Nice thing is y'all don't have ta work very hard ta make folks feel the holiday spirit--an' whether y'all serve it up with a tad o' brandy or not, a l'il ole cup o' nog is a mighty nice way to toast with holiday cheer. Folks can git mighty happy on this nog, mind you, and start toastin' all sorts o' things--Aunt Susie's chocolate brownies, yer Dad's new car, an' even babies that ain't been born yet.

But it don't matter a hoot--long as ever'one's having a mighty fine time. Now I want ta wish ever'one a wonderful season o' holiday happiness any which way y'all celebrate.

An' I do hopes y'all enjoy the holidays with a l'il ole cup o' this fine-tastin' nog. Raise a cup fer me, too, darlin's an' I'll do the same.

Yer ever lovin' Aunt Nettie


Spirited holiday gatherings beg for celebratory nog with a spicy personality that measures up to the spirit of the season. The quantity of brandy in this nog is a gentle starting point. I often serve a tiny pitcher of extra brandy and set it beside the pitcher of nog so guests can crank up the holiday spirit a notch or two if they choose. You can also serve this tasty nog without the brandy and still enjoy a delightful, welcoming, and well-spiced festive beverage.

Christmas Nog

SANTA'S CHRISTMAS NOG

Yield: 6 (6-ounce/169g) servings

    2 cups (480 ml) vanilla soymilk
    1 cup (240 ml) cashews or almonds

    3/4 cup (180 ml) maple syrup
    1/2 cup (120 ml) apple juice
    1/4 cup (60 ml) brandy (optional)
    1 teaspoon vanilla extract
    1 teaspoon ground cinnamon

    1/2 teaspoon ground nutmeg, plus more for garnish
    1/2 teaspoon ground allspice
    1/4 teaspoon plus 1/8 teaspoon ground cloves

    Fresh mint sprigs, for garnish

    1/4 to 1/2 teaspoon xanthan gum or guar gum, if needed to thicken the nog

  1. Put 1 cup (240 ml) of the soymilk and the cashews in the blender. Process on high speed for 1 full minute, or until smooth and creamy.
  2. Add the remaining 1 cup (240 ml) of soymilk, maple syrup, apple juice, brandy (if using), vanilla extract, cinnamon, nutmeg, allspice, and cloves and process until thick and creamy, stopping occasionally to scrape down the blender jar. If the nog is too thin, add the xanthan gum and process for a full minute. If you have a high-speed blender, you can blend all the ingredients at once.
  3. To serve, pour the nog into glasses, sprinkle each with a pinch of nutmeg, and add a small sprig of mint.
  4. If preparing in advance, pour the nog into a 1 1/2-quart pitcher and refrigerate. Garnish just before serving.

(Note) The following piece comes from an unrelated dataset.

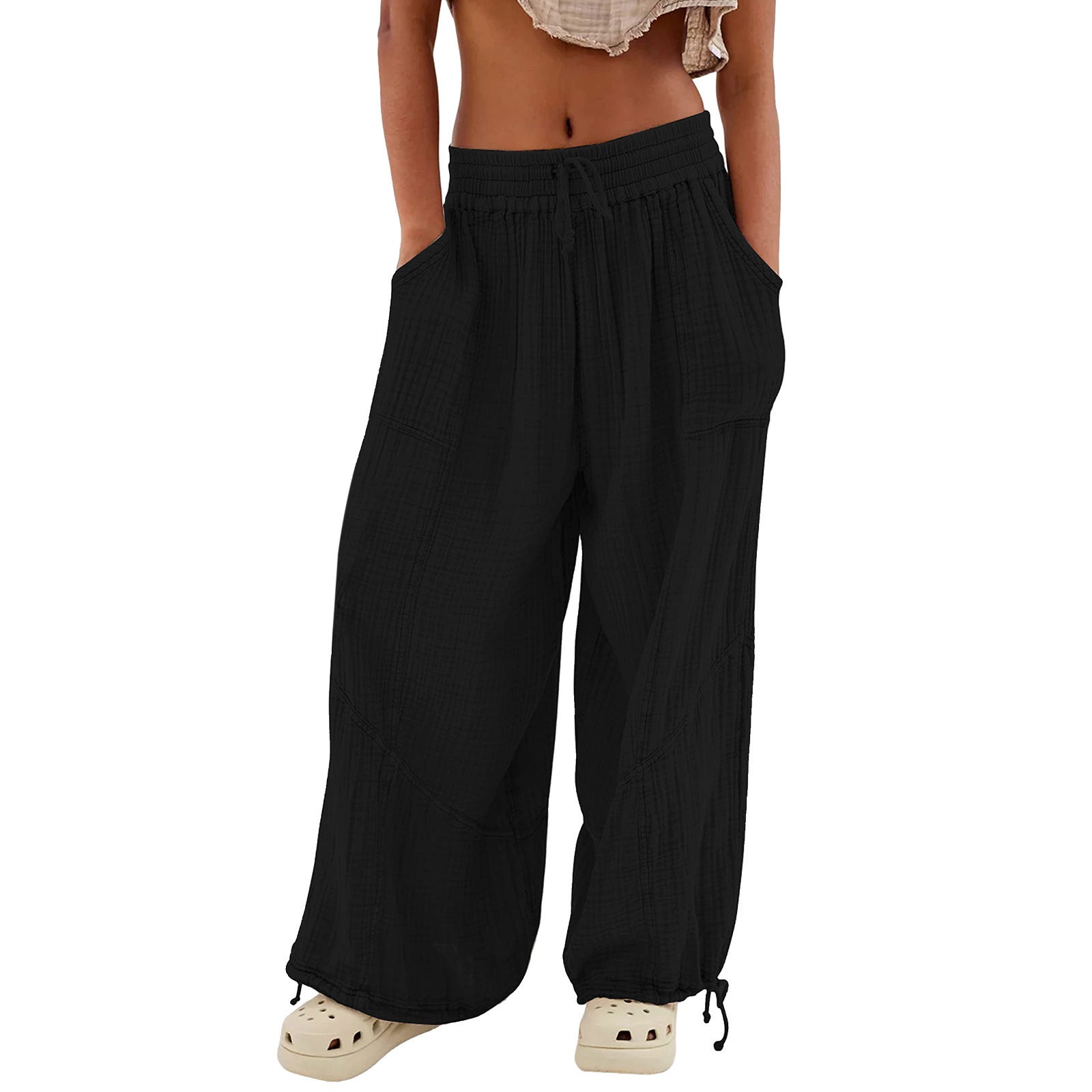 Women's Fashion Solid Color Lace-up Pocket Wide Leg Pants - Nyaabs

Note: The nog will thicken slightly and tends to separate when refrigerated. Refresh with a brief whirl in the blender or whisk vigorously just before serving. If desired, put a cinnamon stick into each cup.

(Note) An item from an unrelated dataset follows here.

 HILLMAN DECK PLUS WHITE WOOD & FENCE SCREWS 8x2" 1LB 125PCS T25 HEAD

If You Haven't Met Aunt Nettie. . .


Our Aunt Nettie has a head like a hard disk. It's filled with megabytes of information about food and cooking. And she's just itchin' to share her learnin' with city folk who live in mortal fear of the stovetop.

Aunt Nettie grew up on the farm. She did not eat out of a can or reach into the freezer. There was no microwave to pop her food into. Everything she made was from scratch. All the food she ate was natural, without pesticides. It was grown right there on the family farm, and she had to cook to survive. At eighty-three years young she still leaps and bounds around the kitchen and can shake, rattle, and roll those pots and pans with the best of them.

Nowadays, Aunt Nettie just shakes her head and complains, "Nobody cooks anymore. They have no idea about puttin' a meal together." She's on a mission. She wants to help those younguns eat better so they can grow up healthy like her own eight kids.